Since then, I’ve stayed in fantasy–reading through several books by Cinda Williams Chima. Chima’s books are tightly written and draw me easily into the heads of characters who look head on at their own problems and at the larger problems of the world around them, who tackle those problems with force and focus, and who–after many losses–win the bigger picture.

I think what I’m craving in my reading these days, is the feeling that we can do this. That we can take on the next four years and, frankly, kick our enemies’ asses. For now, I’m finding this reassurance in fantasy, in words that don’t look a whole lot like ours, that give me some distance and escape from the crap we’re facing, even as–at the same time–they maybe give me strength to believe in the battle.

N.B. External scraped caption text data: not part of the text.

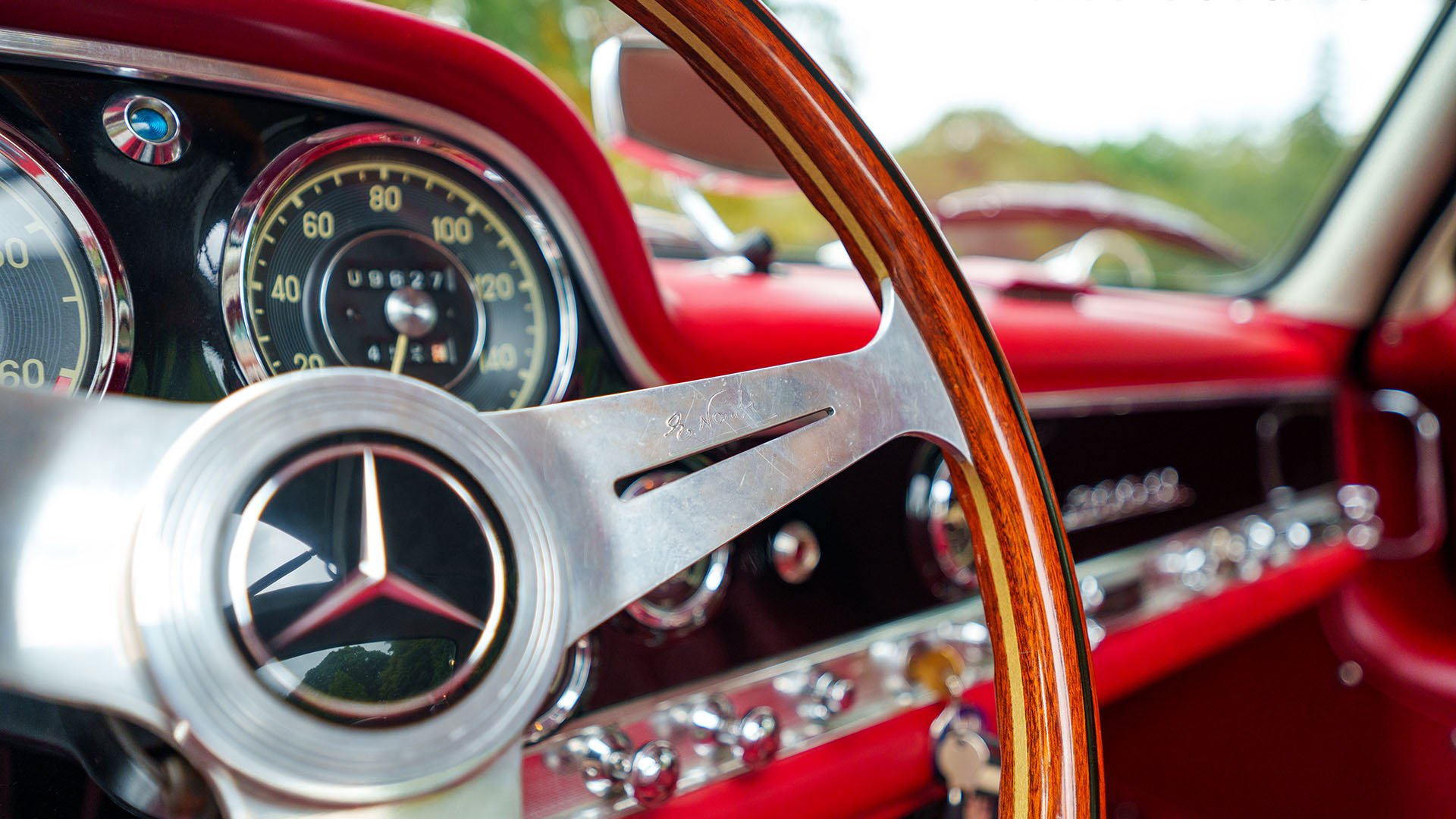 Broad Arrow Auctions | 1991 Mercedes-Benz 300 SL Gullwing Coupe by Ostermeier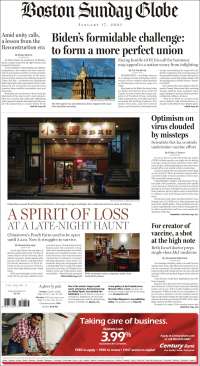 Portada de Boston Globe (USA)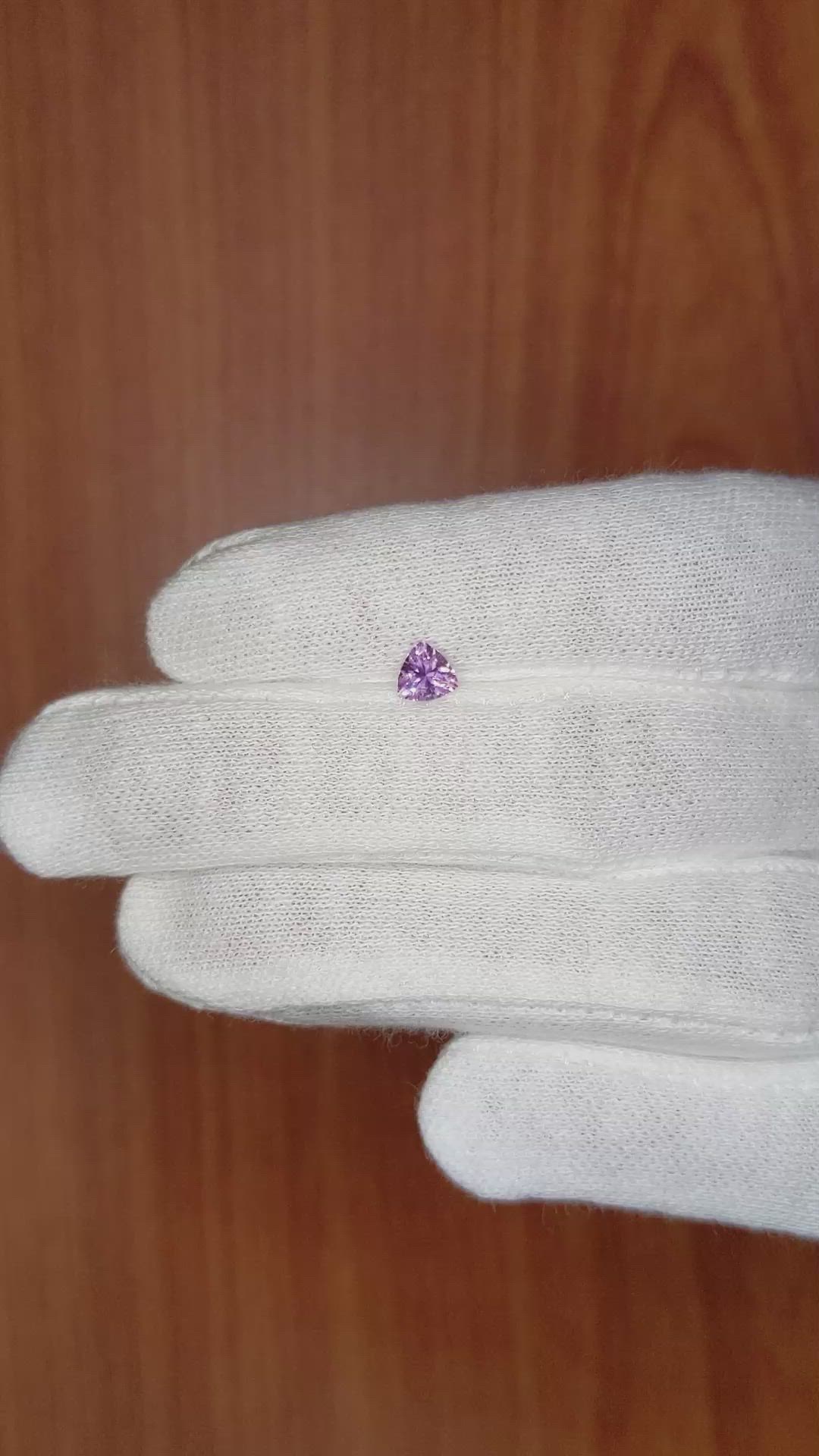 0.47 Ct. Pink Sapphire from Ceylon (Sri Lanka) Size Video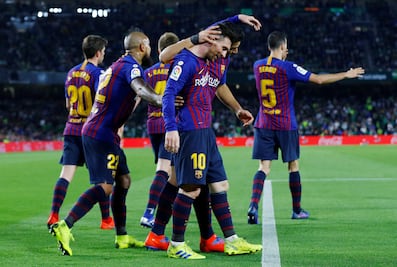 Barcelona aplasta al Betis en el Benito Villamarín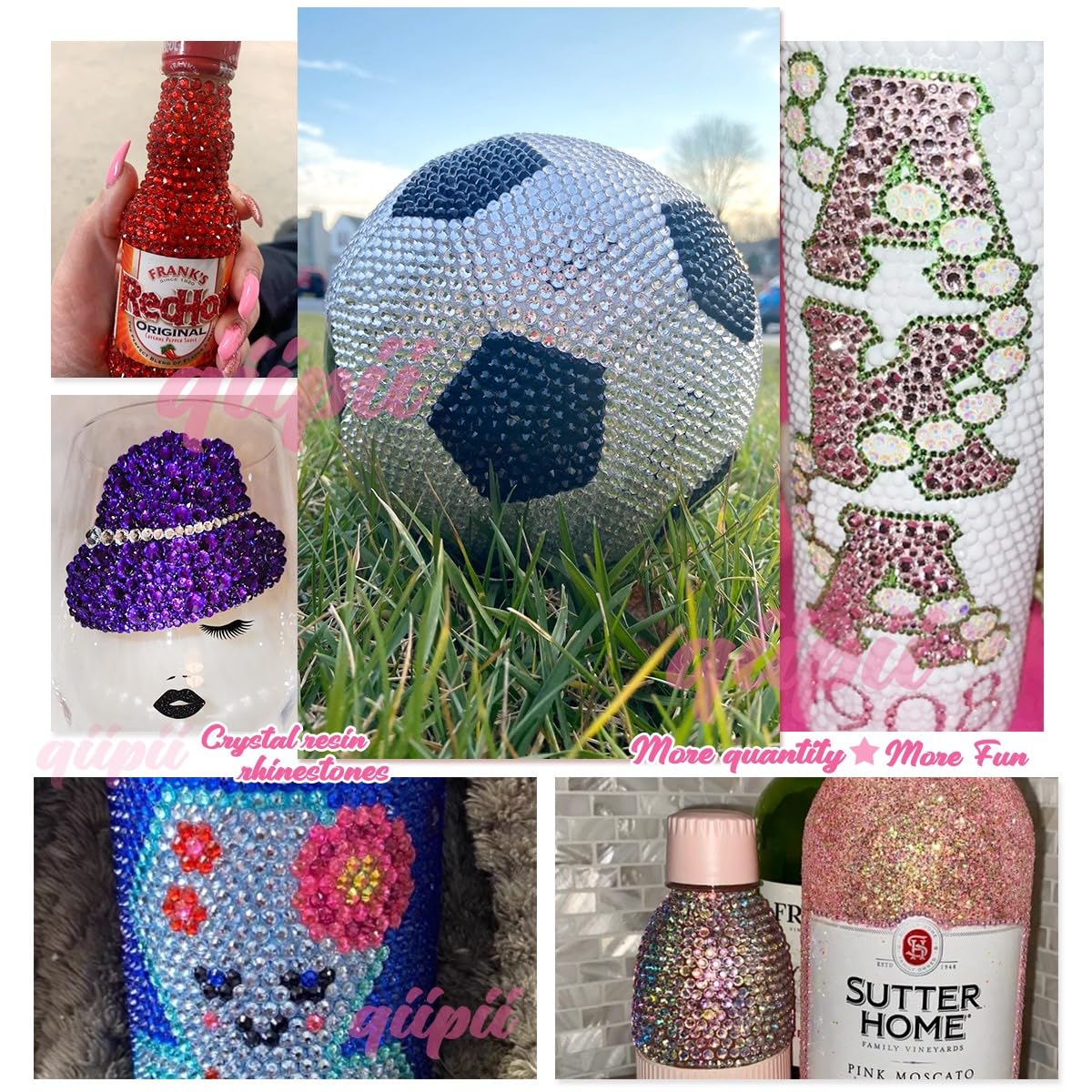 AB Crystal Resin Rhinestones for Crafting 3mm 4mm 5mm Crystal White AB Flatback Stones Non-Hotfix Diamonds Crystals Gems Charms for Nails Face Eyes Makeup Body Tumblers Bottles DIY Crafts Shoes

I think I’m also, though, craving words of power. Both Cashore and Chima are good writers, strong writers. Their books don’t lose me in vagueness or mushy prose–Cashore, in particular, has done an amazing thing in writing a book about mental powers that feels anything but inactive. I’m not sure I could read a literary novel right now if you paid me. I know that, at some point, I’ll step out of the fantasy world and back into reality, but when I do I think I’ll still be craving strength and energy from the story words. I rarely read poetry, never have, but I found myself thinking this morning that maybe I needed to get a collection of Adrienne Rich’s poems and read through one every day or so. For the power and the strength in her words.

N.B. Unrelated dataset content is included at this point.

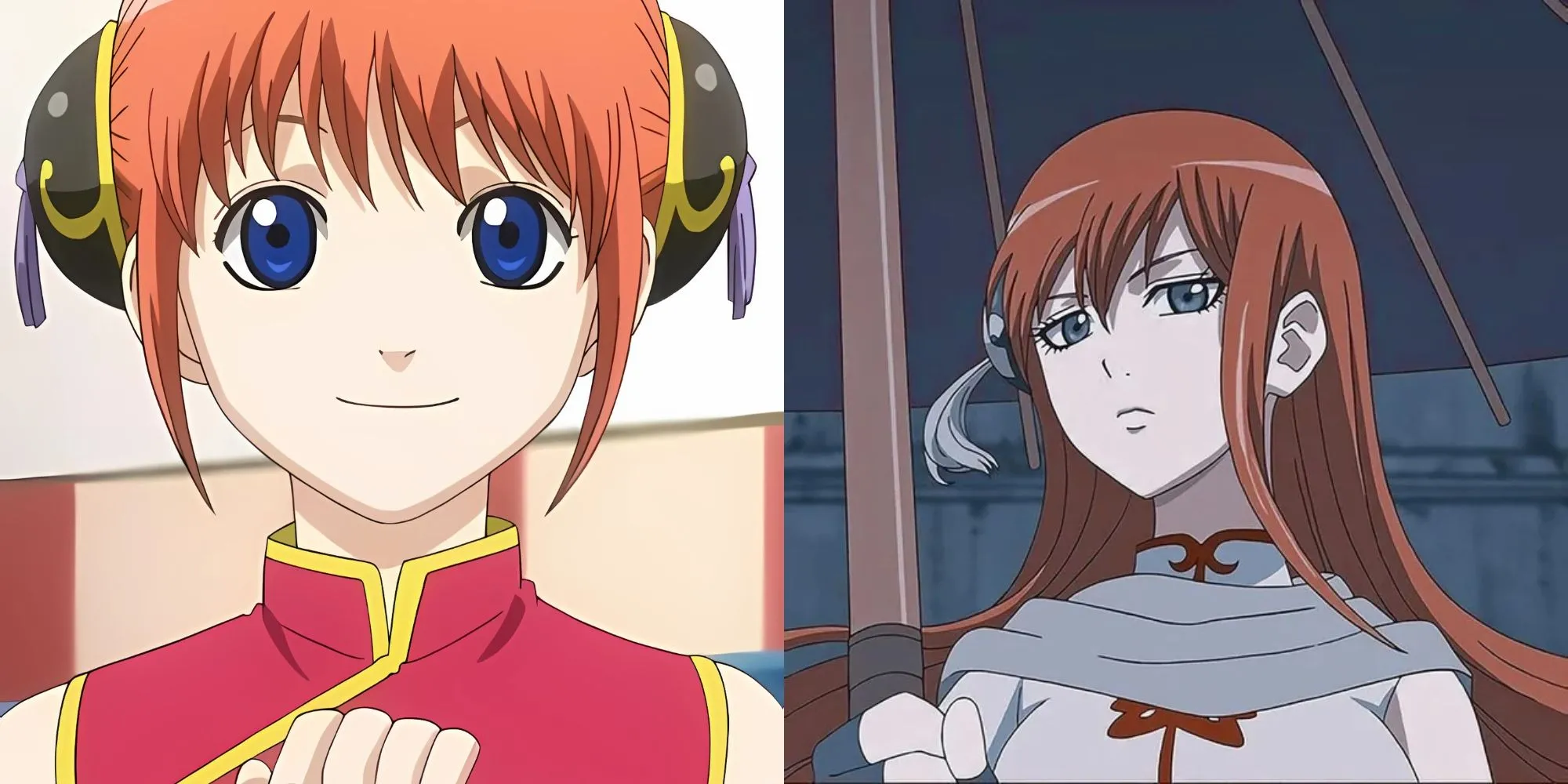 Kagura với chiếc ô đa năng trong Gintama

What I did do was track down Maya Angelou’s Still I Rise and listen to it again. “Does my sassiness upset you?” No, it doesn’t. It expands my heart.

Has your reading been impacted by the election results? Have you noticed yourself reaching for a certain book, a certain kind of book? What books of power have you turned to? I’d love to hear your thoughts in the comments!

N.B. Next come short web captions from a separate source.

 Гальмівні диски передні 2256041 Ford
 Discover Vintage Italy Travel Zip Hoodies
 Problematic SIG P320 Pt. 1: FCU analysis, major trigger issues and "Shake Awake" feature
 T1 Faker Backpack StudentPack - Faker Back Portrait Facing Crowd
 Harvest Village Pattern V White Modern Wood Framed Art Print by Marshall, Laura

Posted in Activism, Politics, Writing, Writing Fears, Writing Goals

Writing in the Midst of it All

Okay, my thoughts here are going to be nothing new and certainly nothing profound. But I’ve had a block in my writing all week (Anyone else? Yeah, I thought so.), and I’m hoping processing it here a bit will free me up to get back to my story. Which needs to happen.

My Facebook feed is filled with posts from other writers, because, well, that’s one of my biggest tribes. And I’m hearing so much the past few days about how we need to write, we need to keep putting out words, we need to give stories to children–stories that help keep their hearts and minds and arms open. And I believe this.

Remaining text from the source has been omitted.